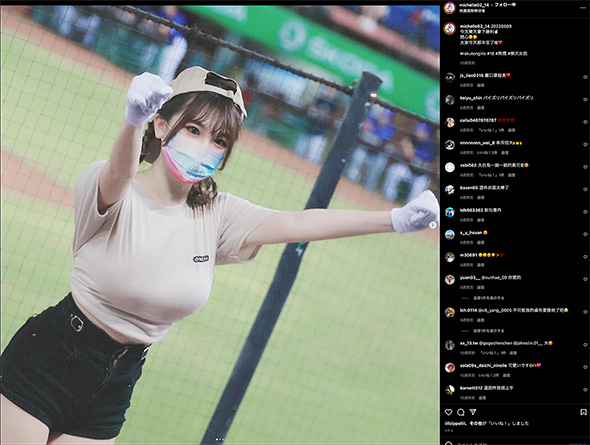 「楽天ガールズ」所属の熊霓（ション・ニー）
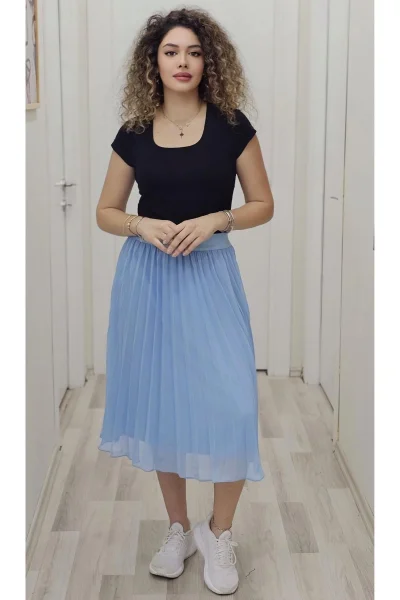 Beli Lastikli Pliseli Etek 6018-Bebe Mavisi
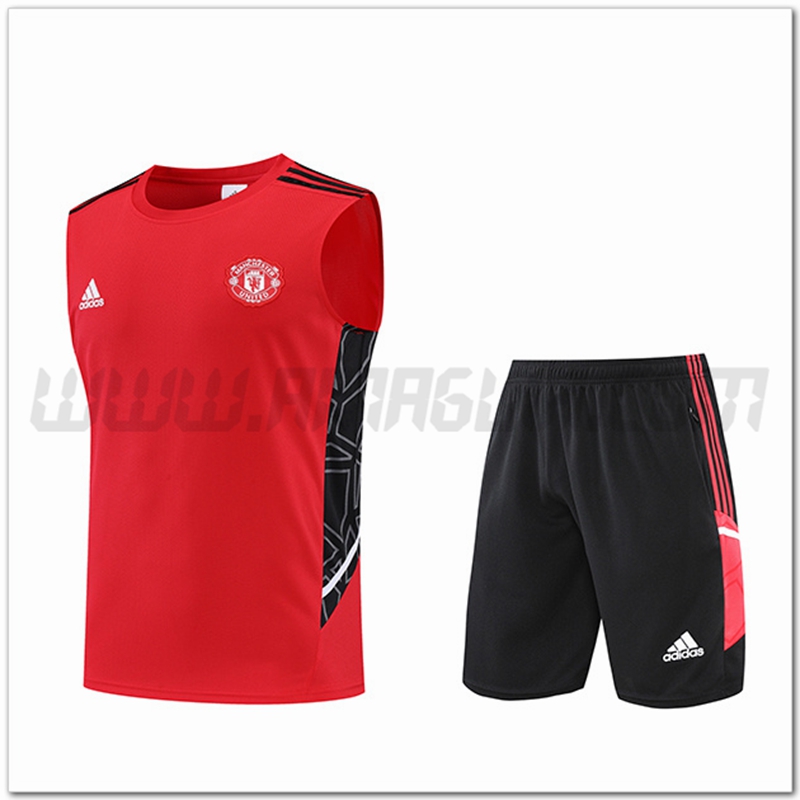KIT Canotta da Allenamento Manchester United + Pantaloncini Rosso 2022 2023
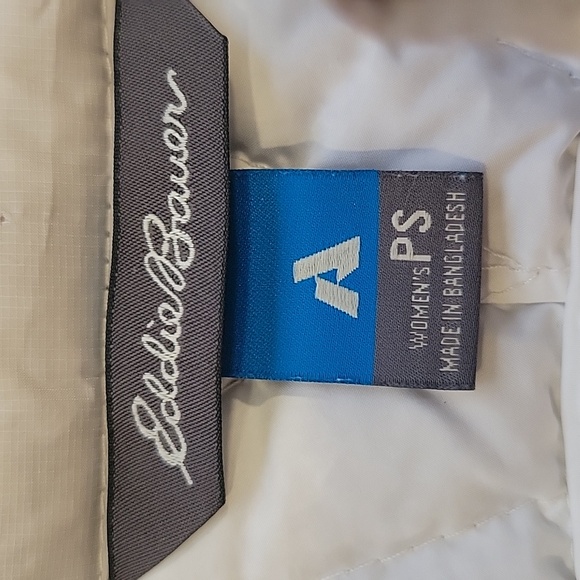 Eddie Bauer Stormdown Down jacket 800Cream/Beige/Gray Full Zip Petite S - Picture 3 of 9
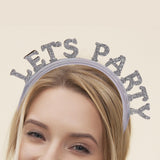 Maxbell New Year Headband Party Hair Hoop Glitter Letter Hairband for Xmas Costume LET PARTY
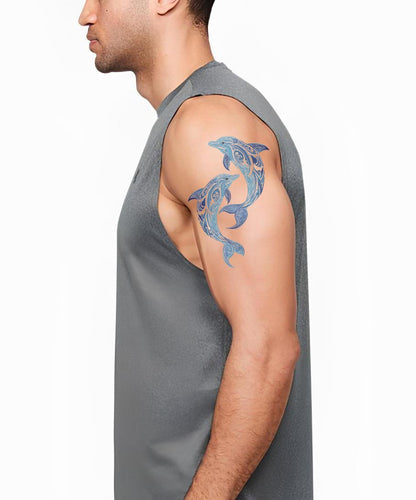Twin Blue Dolphins Tattoo Design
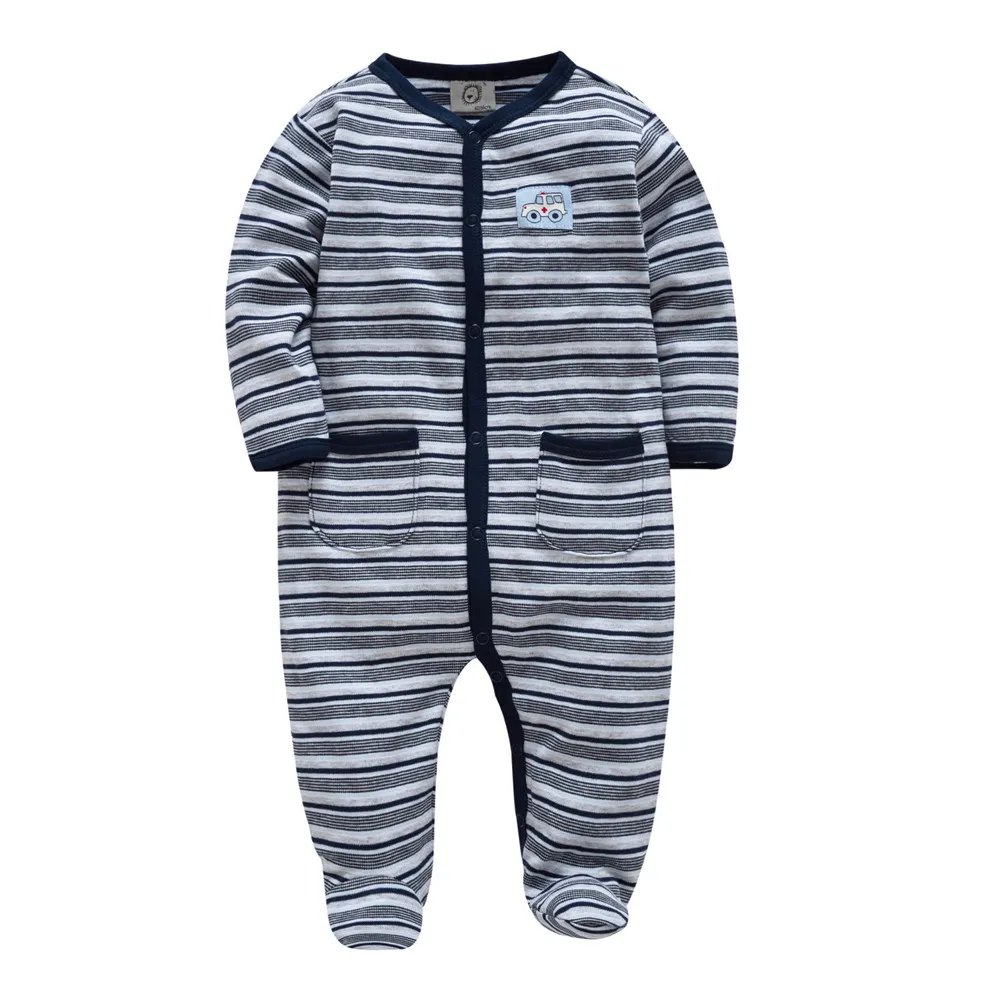 New Fall Winter Newborn Baby Clothes Cotton Striped Cartoon Print Baby Boy Jumpsuit Long Sleeve ropa de bebe Clothing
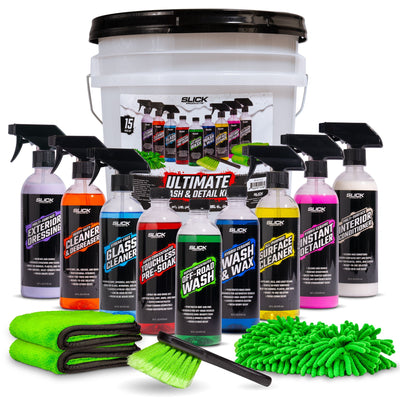 Slick Products 15pc Car Wash & Detailing Kit, Towel & Scrub Brush (For Parts) - VMInnovations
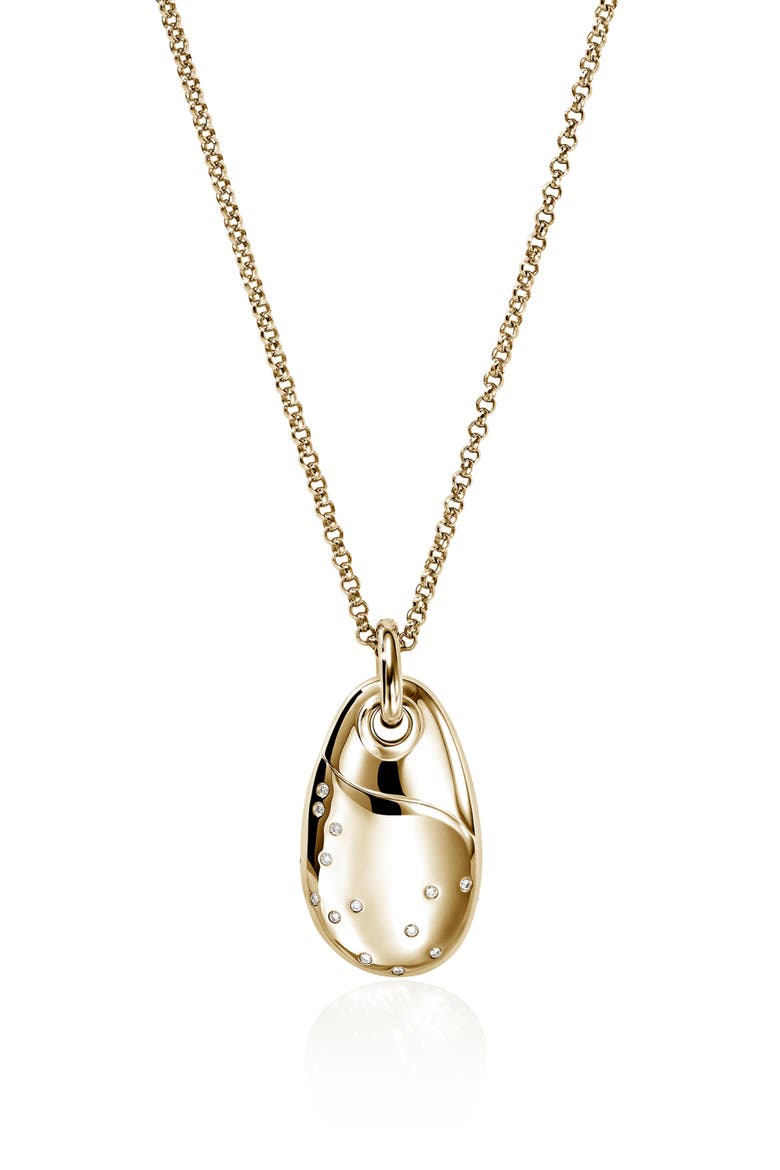 Artisan Series 18k Gold Sapphire Pebble Pendant Necklace, Alternate, color, GOLD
————
(Requirement)
Recopy the full listing exactly, passing over any picture.

(Solved problem)
 「楽天ガールズ」所属の熊霓（ション・ニー）
 Beli Lastikli Pliseli Etek 6018-Bebe Mavisi
KIT Canotta da Allenamento Manchester United + Pantaloncini Rosso 2022 2023
 Eddie Bauer Stormdown Down jacket 800Cream/Beige/Gray Full Zip Petite S - Picture 3 of 9
 Maxbell New Year Headband Party Hair Hoop Glitter Letter Hairband for Xmas Costume LET PARTY
Twin Blue Dolphins Tattoo Design
 New Fall Winter Newborn Baby Clothes Cotton Striped Cartoon Print Baby Boy Jumpsuit Long Sleeve ropa de bebe Clothing
 Slick Products 15pc Car Wash & Detailing Kit, Towel & Scrub Brush (For Parts) - VMInnovations
 Artisan Series 18k Gold Sapphire Pebble Pendant Necklace, Alternate, color, GOLD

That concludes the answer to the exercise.